King shifted and folded his arms. “I can assure you, Lieutenant, Mr. Norton does not lie. Everything he has told your men is the absolute truth.”
“Mr. King, it’s difficult to tell if a person is lying or telling the truth if he’s not saying anything.”
“Well, there you go. Sounds like your conversation with my friend is over and he’ll need transportation.”
“Just where is home?” North asked again. This man puzzled North and he attempted to develop a motive by his actions “Tennessee? Mr. Norton’s permanent address is there. according to his driver’s license.”
“Yes, but he’s currently staying with me at a church member’s home on Beaver Dam Road.” King plucked his business card from North’s desk and scribbled the address on the back.

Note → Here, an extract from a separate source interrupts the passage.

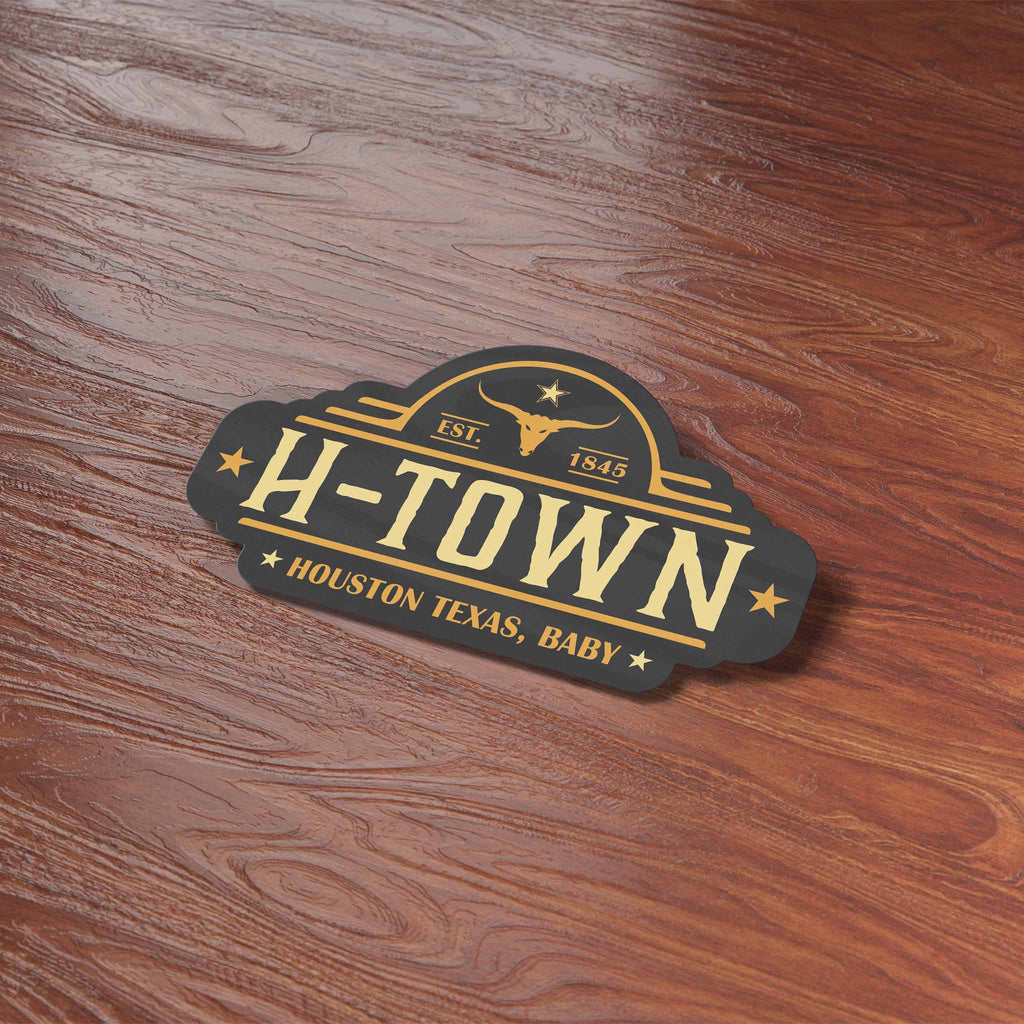 H-Town Houston Sticker - Cool Texas Decals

North decided he wasn’t winning this verbal chess match. “If you wait here, I’ll have a detective show you out,” he said.
King grinned, clearly satisfied. “Why, thank you.”
North left his office and returned to the TV monitors. “Any change?” he asked Miller, who was standing outside the door.
“No, sir, he’s not said anything of value.”
“Okay, have him taken to the front. His ride’s here. Actually—write him a citation for trespassing. Then take him out front.” North deciding to at least charge him by citation for trespassing and letting a judge decide if the property was posted correctly. He returned to the front of the station to wait with Mr. King. When the young man rounded the corner accompanied by Miller, North asked, “Mr. Norton, did you get your property back?”
“Oh, yes, sir,” he replied with a smile, patting his pockets.
“What’s that you’ve got in that small plastic case, if you don’t mind me asking?”
Pulling it from his pocket, Mr. Norton said, “Not at all. This is my mite.” Noting North’s puzzlement, he continued, “You’re familiar with the story in the Bible of the widow’s mite?”